(Given information)

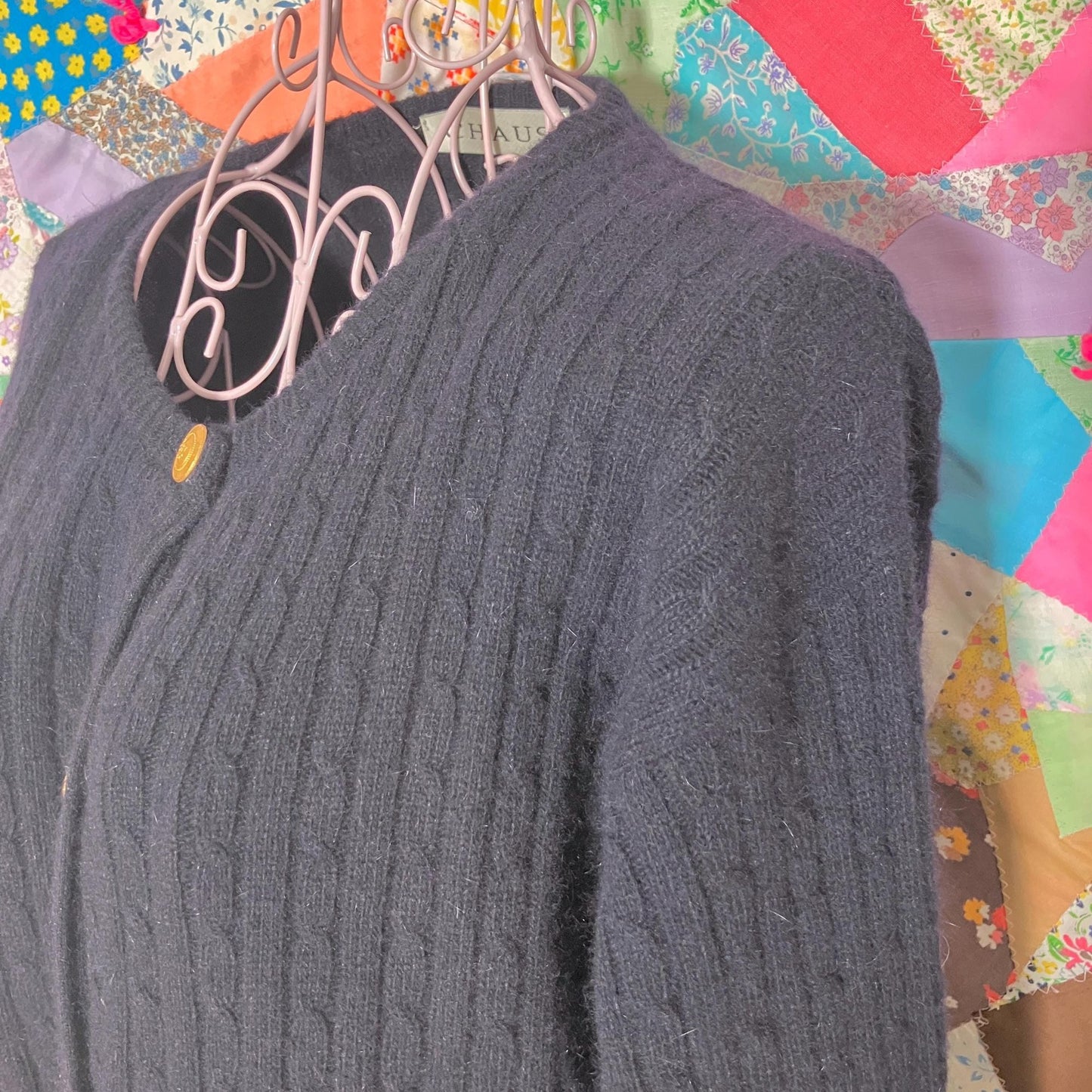 Vintage 90s cardigan cable knit sweater  wool angora blend  Chaus gold tone buttons minimal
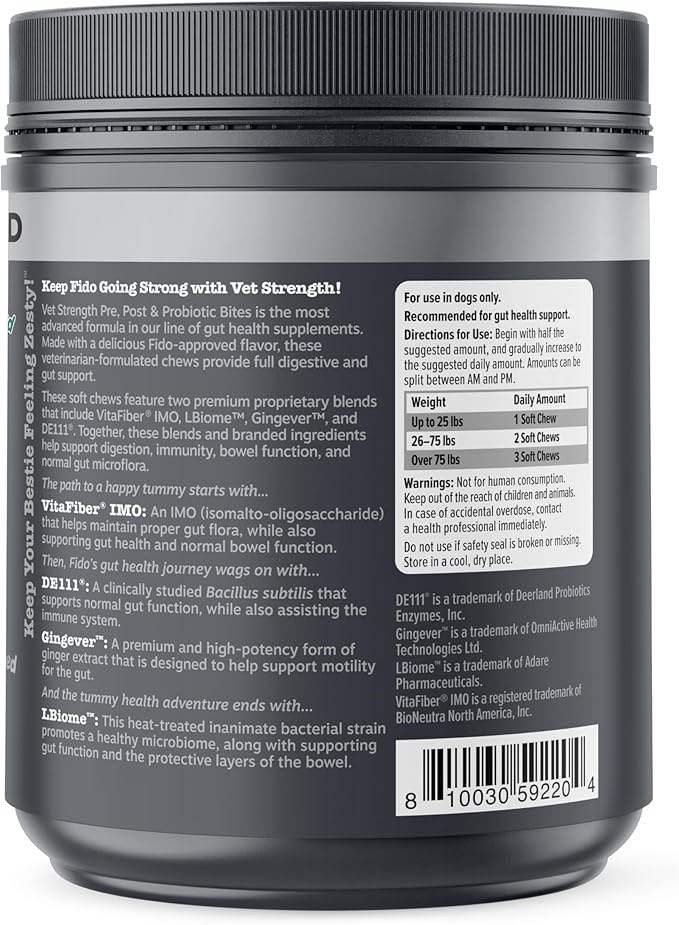 Zesty Paws Vet Strength Probiotics for Dogs, Digestive Health & Gut Flora Support, Dog Supplements, 90 Count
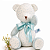 Urso de Tecido Branco e Azul Celeste - Imagem 1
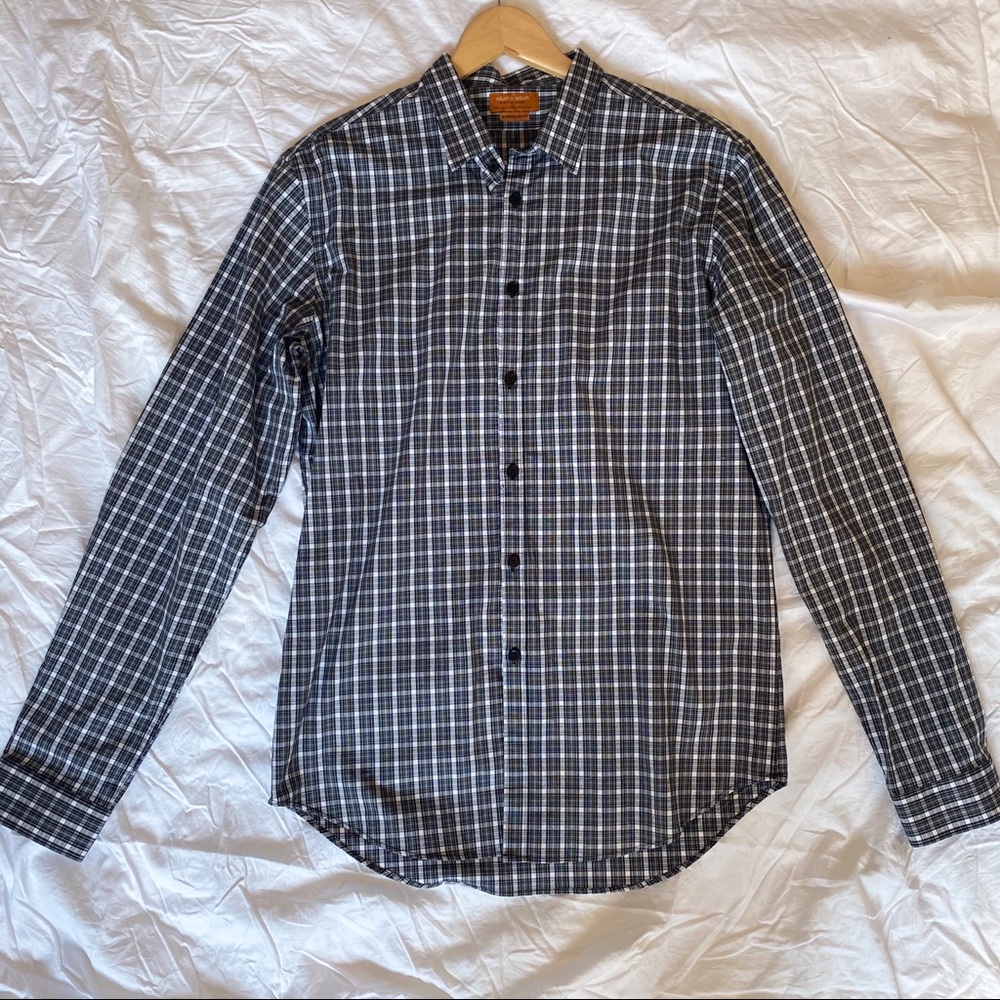 Zara Man Checkered Dress Shirt Dark Academia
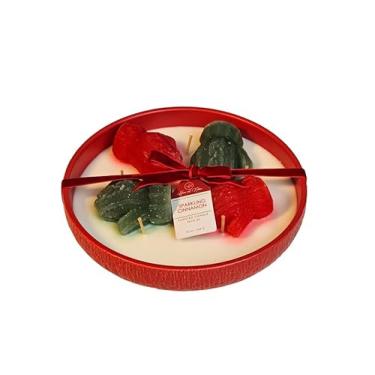 Imagem de CW Studio Vela oval Holiday Glow – Frasco de cerâmica aconchegante de manhã de inverno de 510 g com 6 mechas e mini luvas decorativas – 17H, sem fumaça – parafina premium e cera de palma (vermelha)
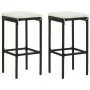 Set Bar da Giardino 3 pz con Cuscini in Polyrattan Nero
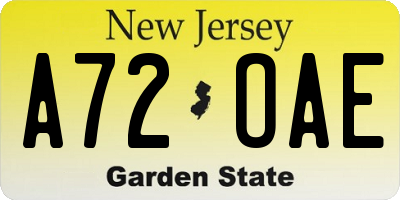 NJ license plate A72OAE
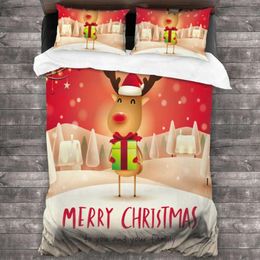 Sets de ropa de cama Cartoon Feliz Navidad Case de almohada de la almohada 3D Estado impreso 200x230cm Single Double Tashing Redspread Gift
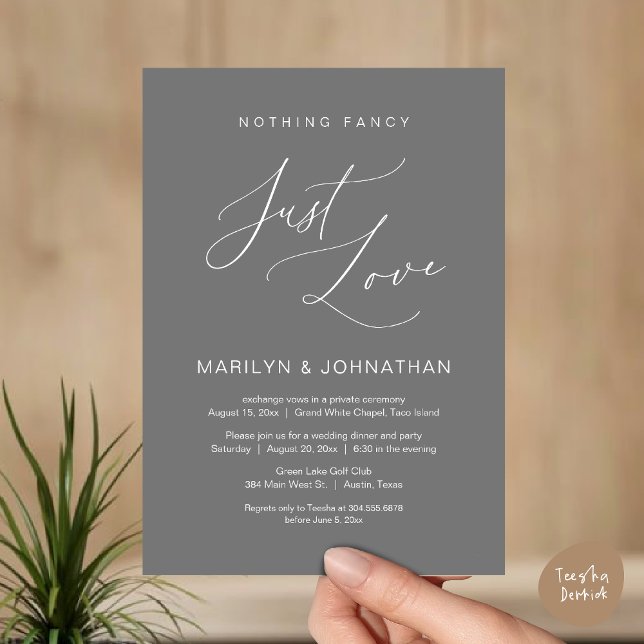 Nothing Fancy, Just Love, Wedding Elopement Dinner Invitation (Nothing Fancy, Just Love, Wedding Elopement Dinner Brunch Lunch Party Invites Card PDF, Dark Grey)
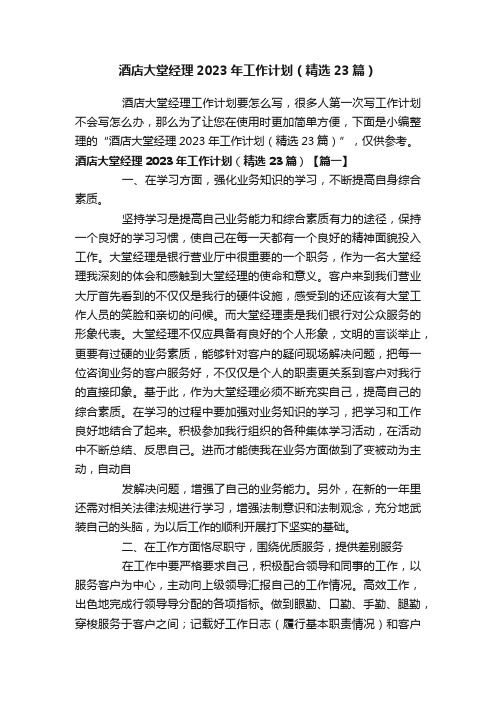 酒店大堂经理2023年工作计划(精选23篇)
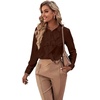 image:imageLYANER Womens Ruffle Front Elegant BlouseDark Brown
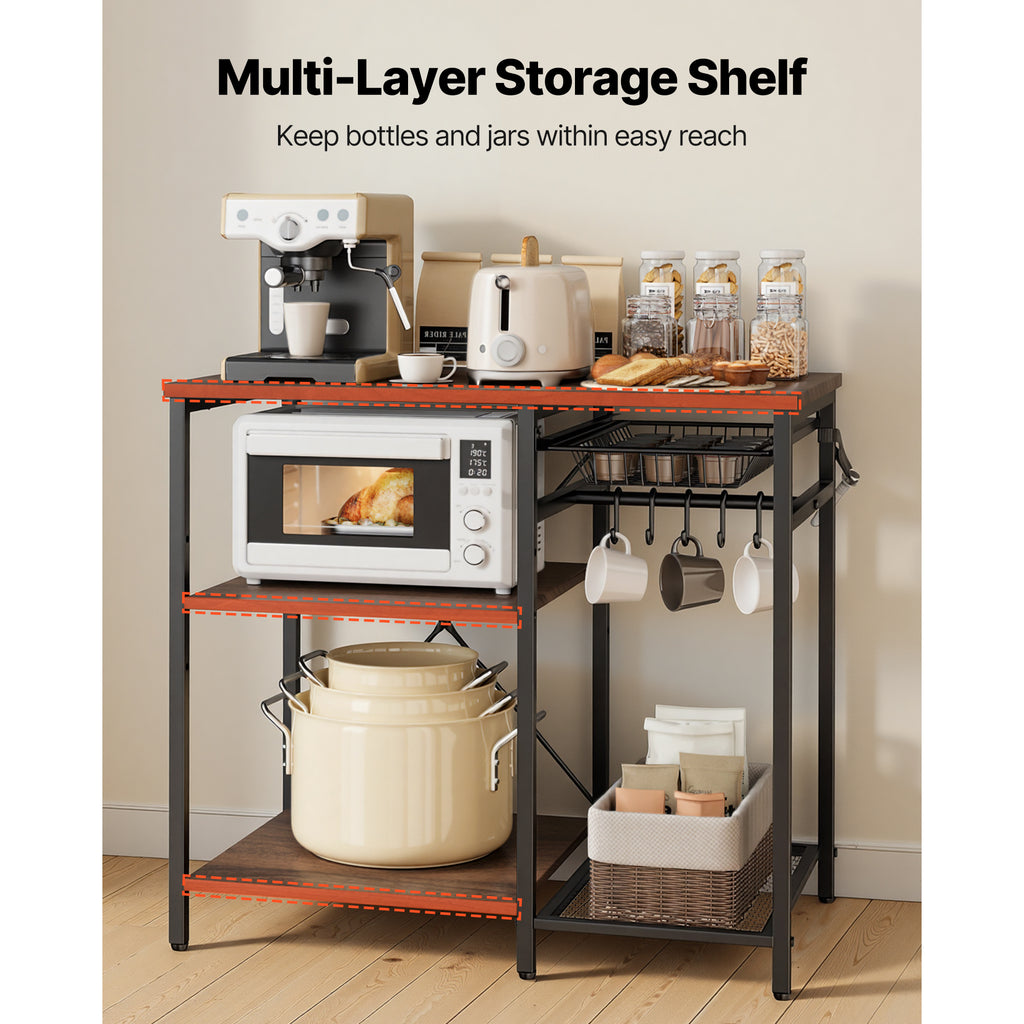 Kitchen Bakers Rack, 35.4 inch Width Bakers Rack, Kitchen Stand with X-Shaped Support Bar, 5 S-Shaped Hooks, Multi-Layer Storage Shelf, Coffee Bar Stand for Dishes & Bowls, Spice Bottles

(End Given information)

What the task requires ▸ Write out the material above exactly; no pictures.

Solution ▸
 Vintage 90s cardigan cable knit sweater  wool angora blend  Chaus gold tone buttons minimal
 Zesty Paws Vet Strength Probiotics for Dogs, Digestive Health & Gut Flora Support, Dog Supplements, 90 Count
 Urso de Tecido Branco e Azul Celeste - Imagem 1
 Zara Man Checkered Dress Shirt Dark Academia
 Imagem de CW Studio Vela oval Holiday Glow – Frasco de cerâmica aconchegante de manhã de inverno de 510 g com 6 mechas e mini luvas decorativas – 17H, sem fumaça – parafina premium e cera de palma (vermelha)
 Set Bar da Giardino 3 pz con Cuscini in Polyrattan Nero
 NJ license plate A72OAE
 Sets de ropa de cama Cartoon Feliz Navidad Case de almohada de la almohada 3D Estado impreso 200x230cm Single Double Tashing Redspread Gift
 Nothing Fancy, Just Love, Wedding Elopement Dinner Invitation (Nothing Fancy, Just Love, Wedding Elopement Dinner Brunch Lunch Party Invites Card PDF, Dark Grey)
 酒店大堂经理2023年工作计划(精选23篇)
 image:imageLYANER Womens Ruffle Front Elegant BlouseDark Brown
 Kitchen Bakers Rack, 35.4 inch Width Bakers Rack, Kitchen Stand with X-Shaped Support Bar, 5 S-Shaped Hooks, Multi-Layer Storage Shelf, Coffee Bar Stand for Dishes & Bowls, Spice Bottles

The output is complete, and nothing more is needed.